Venancia no tenía respuestas para tantas preguntas, pero tampoco quiso darle la razón a su vecina. Negó con la cabeza varias veces, mientras rumiaba la única respuesta que se le ocurría, ya, pero es que eso no son formas, protestar no arregla nada, las cosas no se hacen así… El problema fue que, al llegar a casa, no había encontrado aún una alternativa que la convenciera. Alborotar, no, se repetía; las pancartas, los megáfonos, los desplantes ante la policía y cortar la calle todos los miércoles, no; eso no puede ser… ¿Y entonces, qué, Venancia? No lo sé, se respondía a sí misma, y no sabía, no entendía lo que le pasaba, de dónde había salido esa incertidumbre que la vapuleaba por dentro como a un muñeco de trapo.

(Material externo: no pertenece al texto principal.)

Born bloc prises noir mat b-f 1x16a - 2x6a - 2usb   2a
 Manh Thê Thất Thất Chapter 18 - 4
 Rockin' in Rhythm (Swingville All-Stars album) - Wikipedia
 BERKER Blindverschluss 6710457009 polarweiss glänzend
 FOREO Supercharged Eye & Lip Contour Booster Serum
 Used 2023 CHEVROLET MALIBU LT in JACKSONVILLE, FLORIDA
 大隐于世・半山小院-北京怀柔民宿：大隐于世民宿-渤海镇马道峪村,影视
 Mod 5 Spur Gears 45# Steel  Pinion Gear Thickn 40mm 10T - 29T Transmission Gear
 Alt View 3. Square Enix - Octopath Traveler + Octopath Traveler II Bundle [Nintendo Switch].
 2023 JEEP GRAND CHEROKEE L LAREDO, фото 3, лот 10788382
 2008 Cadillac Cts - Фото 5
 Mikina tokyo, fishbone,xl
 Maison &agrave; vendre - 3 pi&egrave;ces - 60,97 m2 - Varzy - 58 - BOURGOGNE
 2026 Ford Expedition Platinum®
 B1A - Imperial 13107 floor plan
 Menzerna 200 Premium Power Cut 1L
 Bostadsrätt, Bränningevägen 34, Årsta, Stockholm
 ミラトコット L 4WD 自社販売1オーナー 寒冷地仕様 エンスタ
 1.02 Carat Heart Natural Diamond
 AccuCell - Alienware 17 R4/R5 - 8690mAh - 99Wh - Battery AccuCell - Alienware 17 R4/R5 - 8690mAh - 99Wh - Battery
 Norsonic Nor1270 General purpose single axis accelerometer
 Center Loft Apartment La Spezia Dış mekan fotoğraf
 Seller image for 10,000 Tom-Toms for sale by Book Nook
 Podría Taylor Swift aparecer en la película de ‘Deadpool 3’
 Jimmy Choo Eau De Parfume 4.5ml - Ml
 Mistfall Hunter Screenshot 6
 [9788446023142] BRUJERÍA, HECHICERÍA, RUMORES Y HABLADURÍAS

Desde la ventana de la cocina veía a los municipales cargando contra los manifestantes una mañana, y otra, y otra más, y sentía ganas de rezar para que se disolvieran, para que no se expusieran, para que la absolvieran de las dudas que la estaban destrozando. Hasta que una mañana se dio cuenta de que no rezaba por los policías. Ya no estaba segura de nada, pero cuando los chicos del barrio volcaban un contenedor, sufría por ellos, por si los detenían, por si les hacían daño, y por sus madres, pobrecitas. Era todo tan raro…

Hasta que dejó de serlo. Porque, de momento, el centro de salud no lo habían cerrado. La amenaza de trasladarlos a otro más grande, según el concejal, más nuevo, mejor equipado, pero tan alejado de sus casas que era imposible llegar hasta él en transporte público sin hacer transbordo, no se había cumplido. El centro seguía abierto. Con menos personal y sin urgencias nocturnas, pero abierto. Los vecinos habían ganado, y aunque no se había desconvocado la concentración semanal, para exigir que se devolviera al barrio lo que se le había quitado, nadie había vuelto a cortar la calle hasta hoy.

Hoy sí. Mila se lo había contado la semana pasada, cuando se encontraron en el portal. Ella ya había visto algo en la tele, y en la radio lo decían todo el tiempo, que querían cargarse el parque para construir viviendas de precio libre y un aparcamiento subterráneo para residentes. Para eso quieren ensanchar las aceras, para que no se pueda aparcar en la calle, ¿te das cuenta…?

Aquella mañana, al cerrar la ventana de la cocina, Venancia se había dado cuenta de eso y de mucho más.

-Pero, abuela… –le dijo un muchacho que estaba repartiendo panfletos cuando la vio llegar–, ¡que ha salido usted con las zapatillas de andar por casa!

–Ya lo sé, hijo –respondió ella, mientras levantaba el brazo para saludar a Mila–. Pero he pensado que si al final hay que correr… Mejor esto que los zapatos, ¿no?